The best cycling vacation isn’t necessarily the hardest, fanciest, or most expensive one — it’s the one that fits you.

It’s all about the pics

The way you like to ride. Travel. Recover. Explore. Eat. Spend your time off the bike.

I’ve done a few very different cycling trips over the years, and while they were all amazing, what made them enjoyable was that they matched what I wanted at that moment. Based on my fitness or training needs. Or a “must-see location. Or just some really compelling marketing that made me think “ooooh, I gotta see that!”

Choosing the right trip is less about finding the “best” one and more about narrowing down what kind of experience you actually want. Think of it as a process of elimination.

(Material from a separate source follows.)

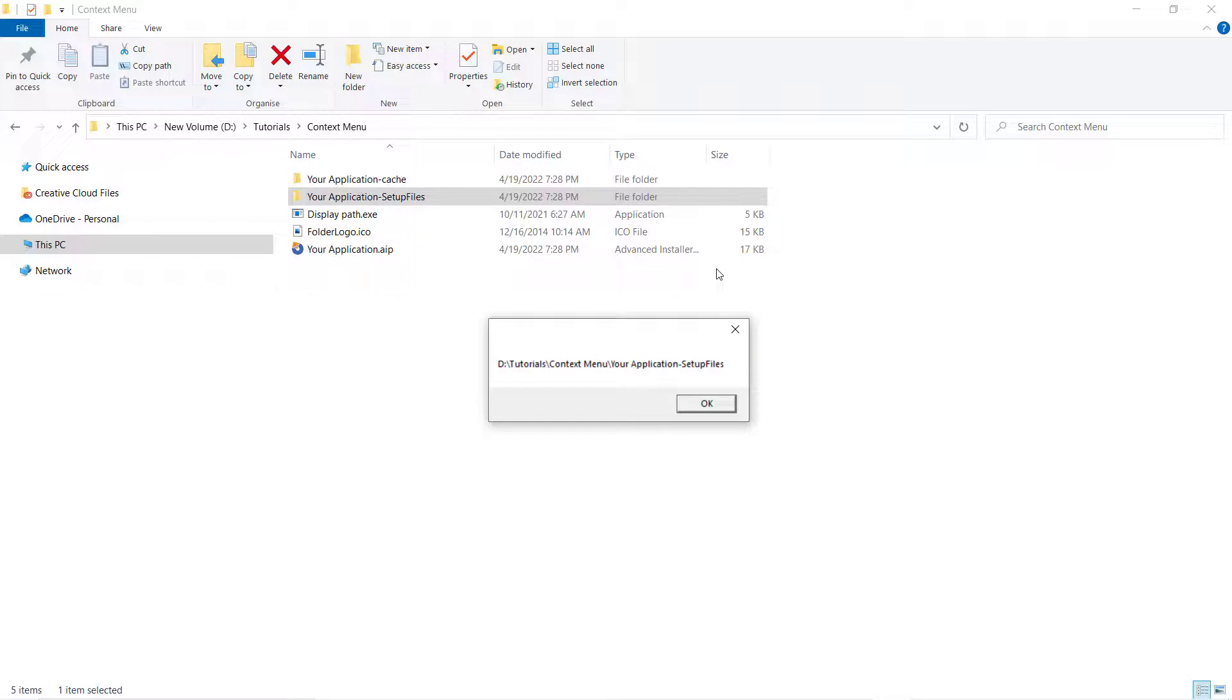Now you know how to add a context menu item to your application through the Advanced Installer Intuitive GUI.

When I started writing this, it was giving instruction manual vibes, and I quickly realized I was building some sort of giant cycling-vacation decision tree. That isn’t the point, entirely. Choosing the right trip isn’t really about optimization — it’s about figuring out what excites you at that particular moment.

So instead, here’s my thought process for my most recent trip to Portugal.

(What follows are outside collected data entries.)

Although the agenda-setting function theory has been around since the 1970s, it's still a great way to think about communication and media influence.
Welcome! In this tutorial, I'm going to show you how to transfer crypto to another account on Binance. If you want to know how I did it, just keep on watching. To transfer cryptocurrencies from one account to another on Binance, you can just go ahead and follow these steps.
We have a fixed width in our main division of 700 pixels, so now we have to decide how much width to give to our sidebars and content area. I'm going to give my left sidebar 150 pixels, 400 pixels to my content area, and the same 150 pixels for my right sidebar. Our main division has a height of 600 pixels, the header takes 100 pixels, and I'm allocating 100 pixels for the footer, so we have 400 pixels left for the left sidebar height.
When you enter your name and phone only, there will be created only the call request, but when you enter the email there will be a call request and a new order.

I have a mental list of countries I want to visit. Portugal was pretty high on the list since I have been to Italy, France & Greece. It is in a “sort-of” order but I’m not tied to it if something pops up that gets me excited. Having a country in mind definitely helps guide things.

I started researching different Portugal cycling trip options. I wasn’t really sure what I wanted to see in Portugal so I was pretty open except I knew the coast was gorgeous so wanted that to be part of it for sure! I looked at some gravel trips, training camp trips, luxury trips and everything in between. The gravel sounded really interesting and I definitely considered it but what sealed the deal on the tours I chose was a combination of area covered and price. The cost allowed me to do TWO tours back to back, and therefore cover almost the entire coast! Also, the gravel tour seemed a little more “hardcore” and stayed in one general area. The thought of chillin’ as I rode the coast of Portugal sounded more appealing than “clinging to life and wheels”.

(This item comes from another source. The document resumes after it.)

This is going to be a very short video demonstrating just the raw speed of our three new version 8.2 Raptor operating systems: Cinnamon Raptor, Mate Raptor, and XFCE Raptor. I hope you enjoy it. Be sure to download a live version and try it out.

The pace of the tours was a bit more leisurely than I’m used to, and they used hybrid bikes as well, which I don’t usually ride. But basically everything else about the trip sounded perfect, so I booked it. My thought was “I don’t care, I can ride slower and it is vacation! I actually want to go slower and experience it!”

I realized I care a lot about where I’m riding, what I’m seeing and experiencing but I can be surprisingly flexible on pace, bike type, and even how “hard” the riding is if everything else feels right.

If I had been looking for a full-on training camp, this probably wouldn’t have been the right trip. But for a cycling vacation — where the goal is to see a place, not just suffer through it — it was perfect.

I embraced the casual pace, coffee stops and many, many scenic overlooks. There were actually opportunities to push a little in terms of effort and pace either on long flat stretches or on climbs, and I did. But that wasn’t the focus of the trip.

What matters to me on trips now generally is seeing as much as possible on a bike. The bike itself didn’t matter. Hitting xx miles each day or conquering epic climbs didn’t matter. Has it mattered before or will it on a future trip? Sure. And I’ll make sure that trip meets the needs of the moment.

That’s probably the biggest thing I’ve learned about cycling vacations: the “perfect” trip changes depending on what you need at the time. Sometimes you want a challenge. Sometimes you want adventure. Sometimes you just want pastries, ocean views and enough time to stop and enjoy them.

And honestly? All of those are valid.